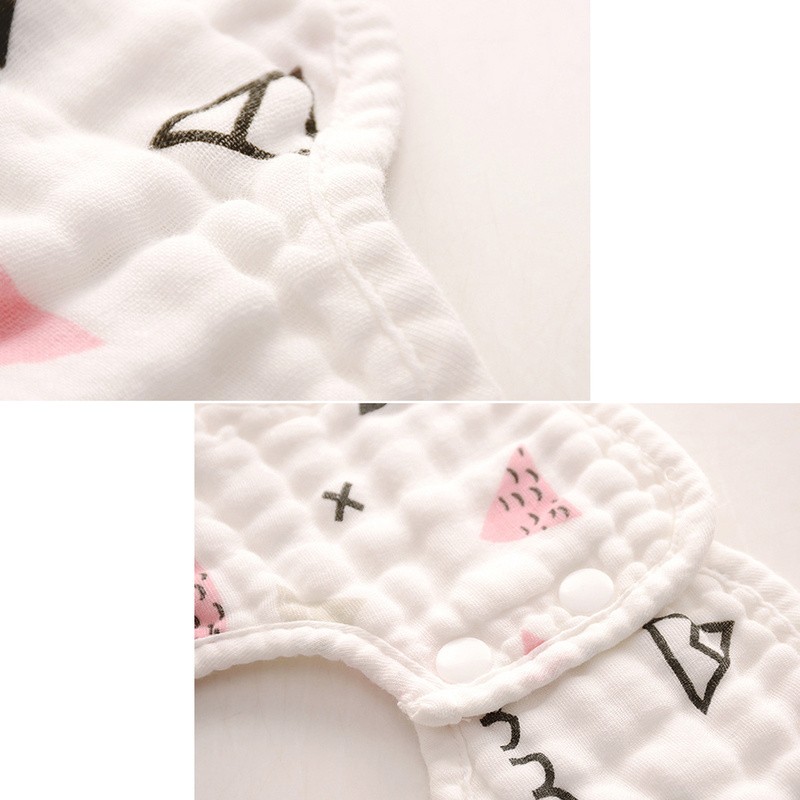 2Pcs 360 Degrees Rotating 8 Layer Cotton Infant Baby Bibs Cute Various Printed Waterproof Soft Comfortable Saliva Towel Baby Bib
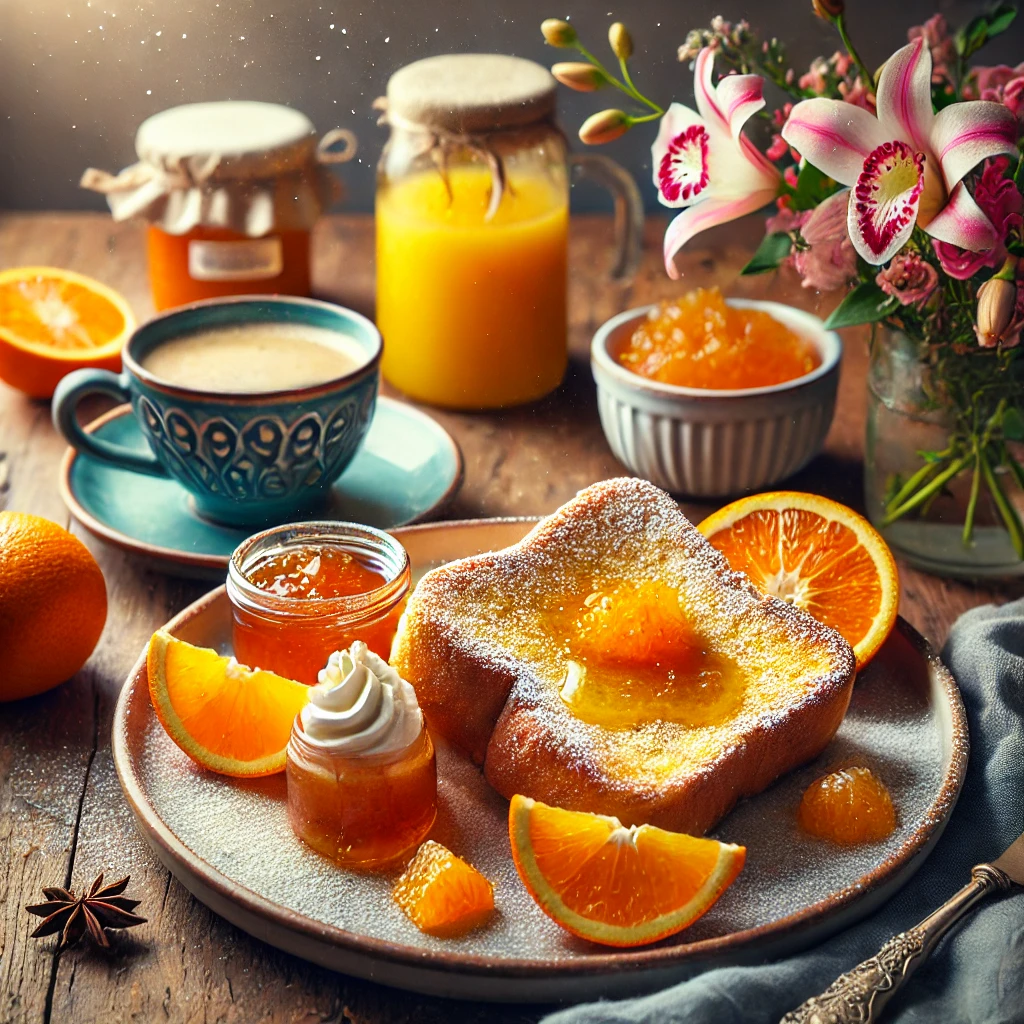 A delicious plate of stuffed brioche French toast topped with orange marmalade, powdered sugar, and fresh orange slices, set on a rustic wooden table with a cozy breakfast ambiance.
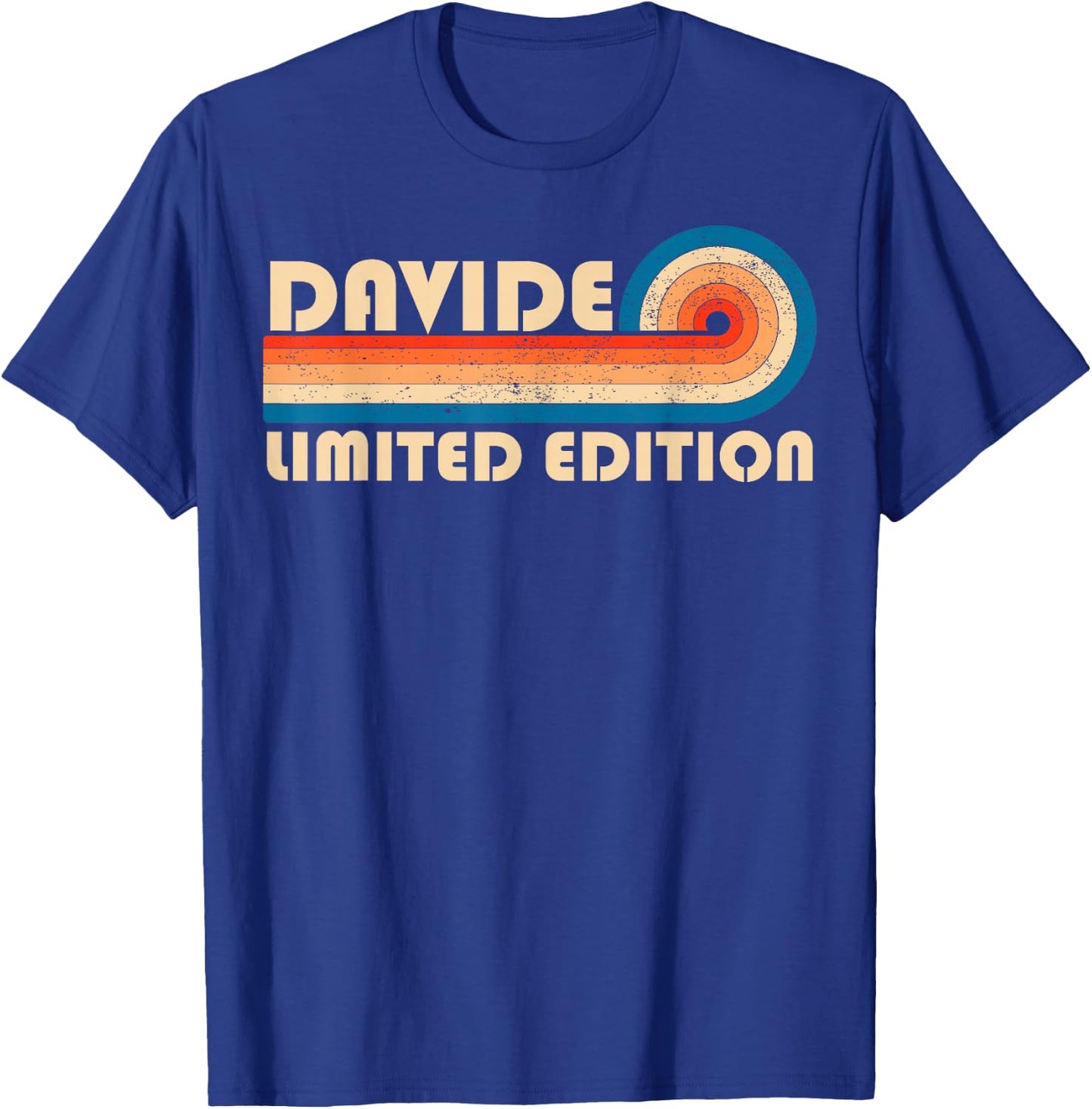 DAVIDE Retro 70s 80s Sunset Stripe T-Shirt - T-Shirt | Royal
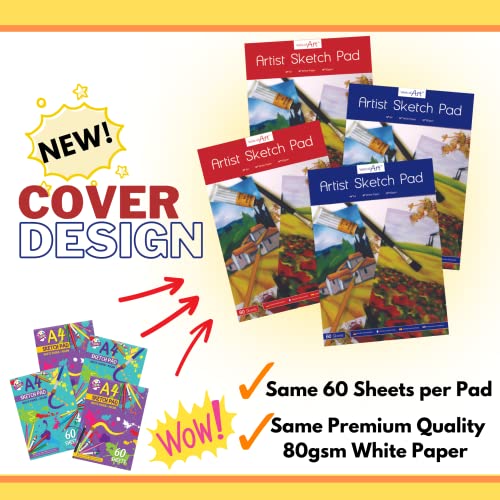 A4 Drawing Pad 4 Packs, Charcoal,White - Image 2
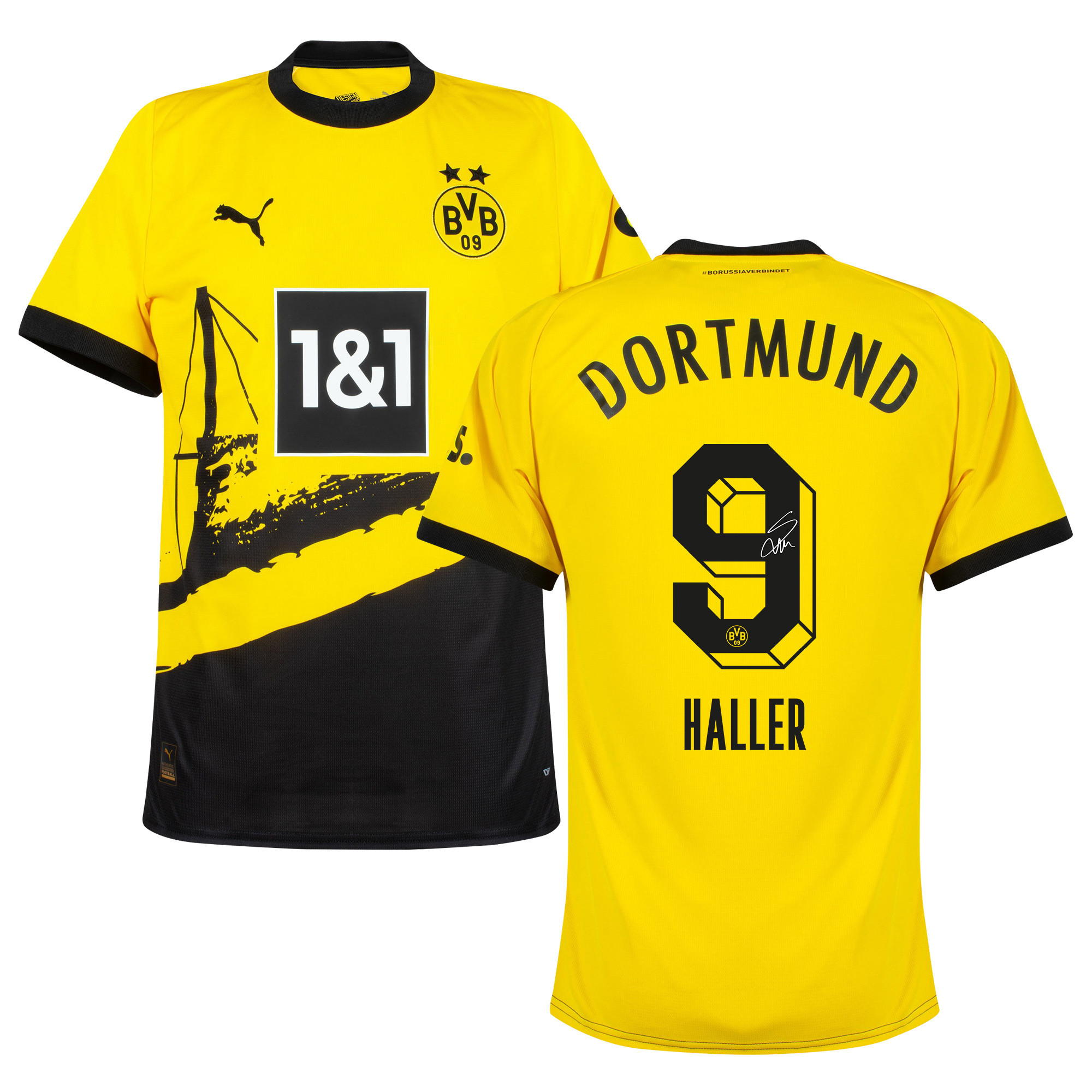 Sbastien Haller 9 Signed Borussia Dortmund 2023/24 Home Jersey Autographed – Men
__________
- WORK REQUIRED
Reproduce the data exactly as it appears above. Pictures are to be left out.

- SOLUTION
 2Pcs 360 Degrees Rotating 8 Layer Cotton Infant Baby Bibs Cute Various Printed Waterproof Soft Comfortable Saliva Towel Baby Bib
 A delicious plate of stuffed brioche French toast topped with orange marmalade, powdered sugar, and fresh orange slices, set on a rustic wooden table with a cozy breakfast ambiance.
 DAVIDE Retro 70s 80s Sunset Stripe T-Shirt - T-Shirt | Royal
 A4 Drawing Pad 4 Packs, Charcoal,White - Image 2
 Sbastien Haller 9 Signed Borussia Dortmund 2023/24 Home Jersey Autographed – Men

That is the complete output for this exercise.